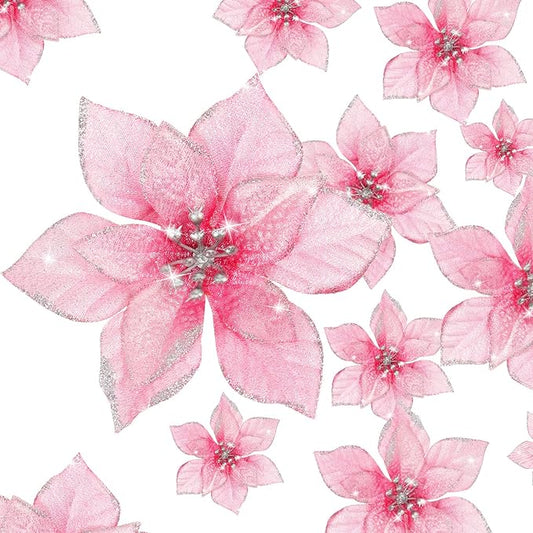 WILLBOND 24 Pcs 3 Size Poinsettia Flower Artificial Christmas Decor Glitter Poinsettia Christmas Ornaments Faux Flowers for Xmas Tree Outdoor(3.2/4/6 Inches,Rose Red)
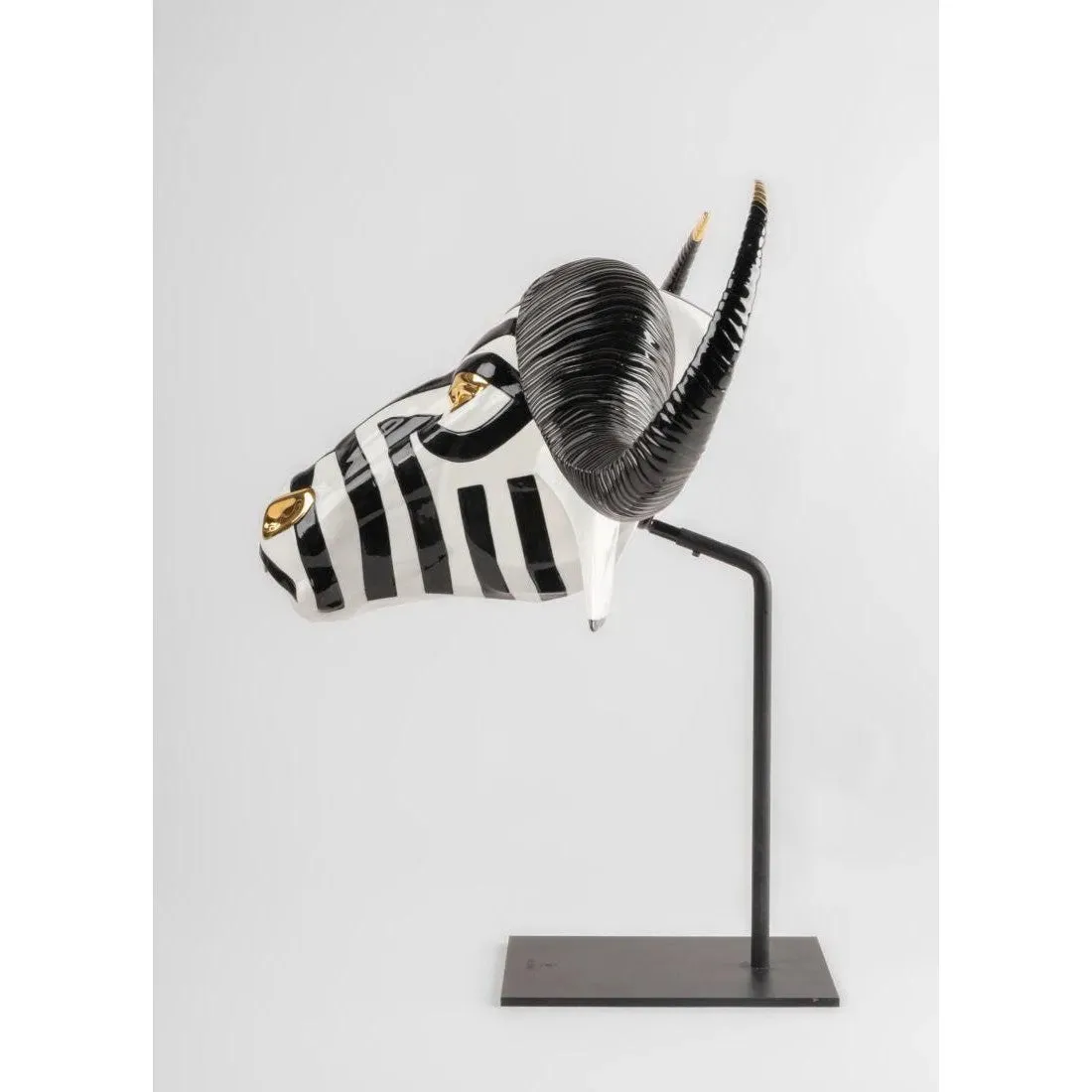 Buffalo Mask - Black And Gold (Lladro Special Order)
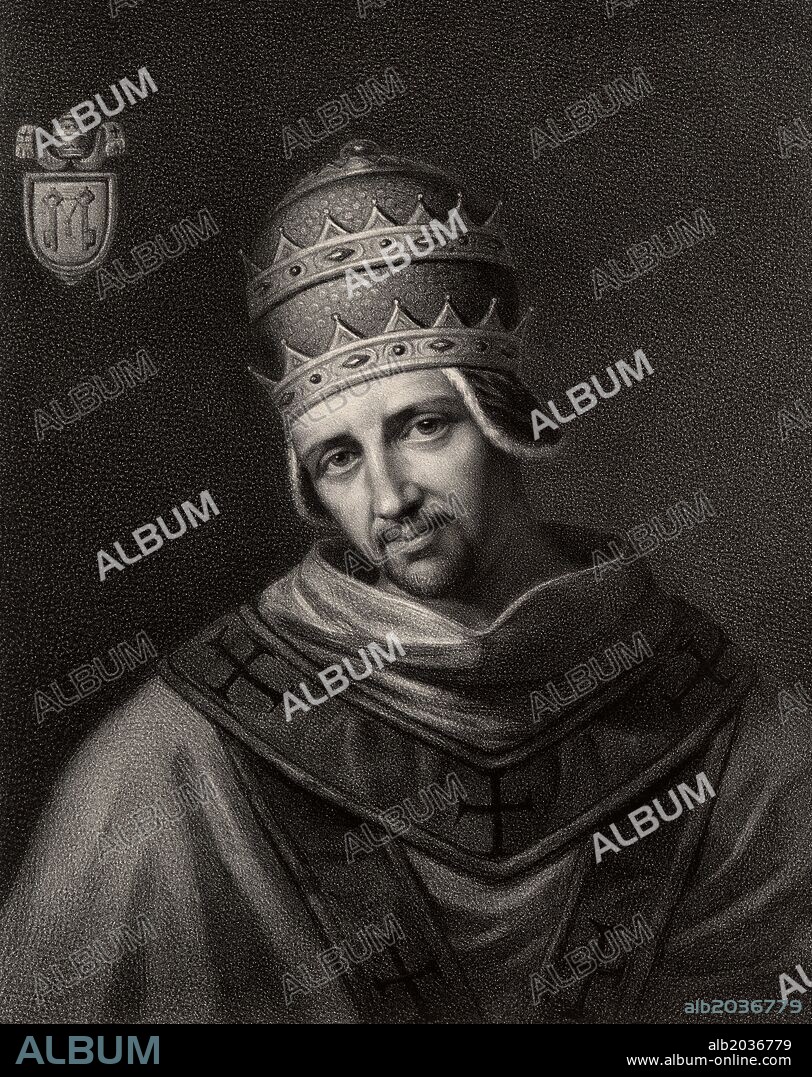 Historia de los concilios ecuménicos de Roma. El papa Gregorio VII (1020-1085). Papa entre 1073-1085. Editado en París, grabado de 1869.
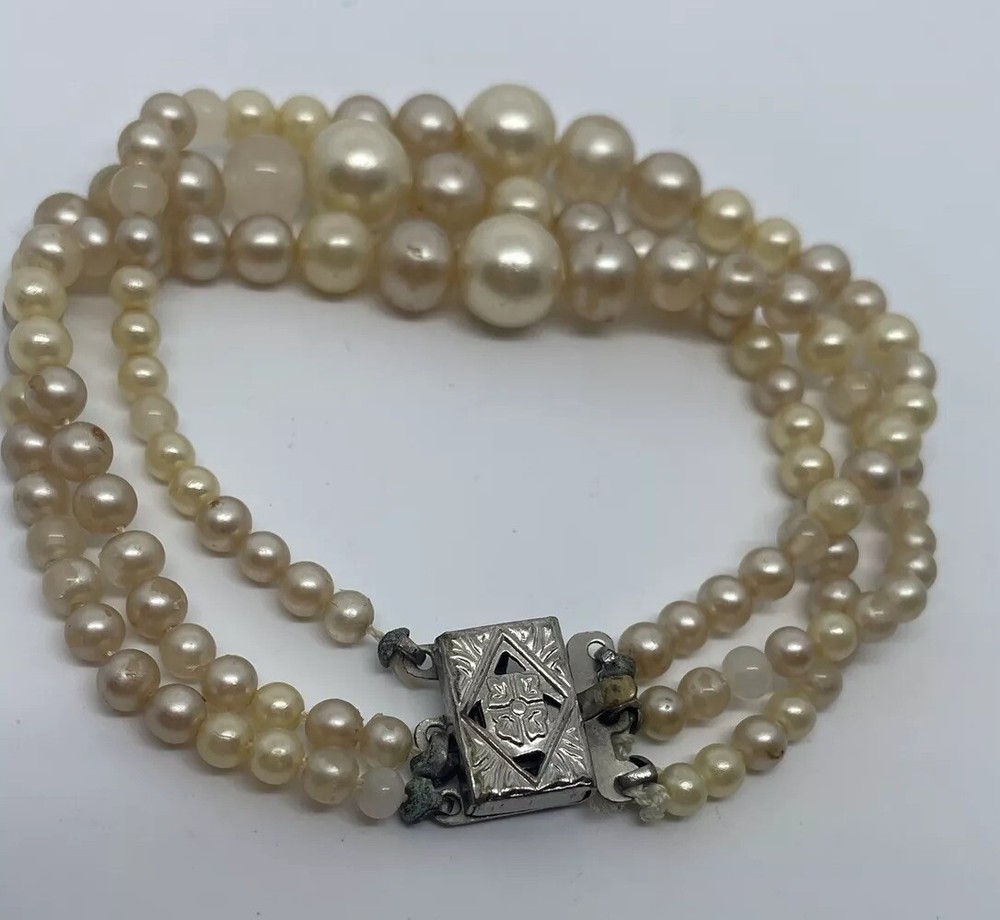 Vintage Triple Strand Faux Pearl Bracelet 6.5” Jewelry Silver Clasp Latch Japan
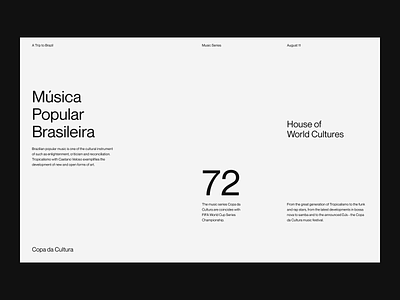 MPB art bossa nova brasil clean culture editorial event grid layout minimal mpb music timeline typography ui web white space
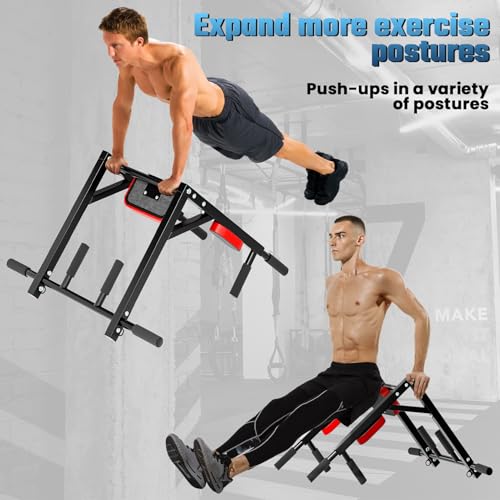 Wall Mounted Pull Up Bar Dip Station, Heavy Duty Chin Up bar Multifunctional Dip Station for Indoor Home Gym Workout, Wall Punching Power Tower Set Fitness Equipment, Supports to 440Lbs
=-=-=
- Exercise -
The listing is to be repeated exactly, with its pictures removed.

- Task solution -
 WILLBOND 24 Pcs 3 Size Poinsettia Flower Artificial Christmas Decor Glitter Poinsettia Christmas Ornaments Faux Flowers for Xmas Tree Outdoor(3.2/4/6 Inches,Rose Red)
 Buffalo Mask - Black And Gold (Lladro Special Order)
 Historia de los concilios ecuménicos de Roma. El papa Gregorio VII (1020-1085). Papa entre 1073-1085. Editado en París, grabado de 1869.
 Vintage Triple Strand Faux Pearl Bracelet 6.5” Jewelry Silver Clasp Latch Japan
 MPB art bossa nova brasil clean culture editorial event grid layout minimal mpb music timeline typography ui web white space
 Wall Mounted Pull Up Bar Dip Station, Heavy Duty Chin Up bar Multifunctional Dip Station for Indoor Home Gym Workout, Wall Punching Power Tower Set Fitness Equipment, Supports to 440Lbs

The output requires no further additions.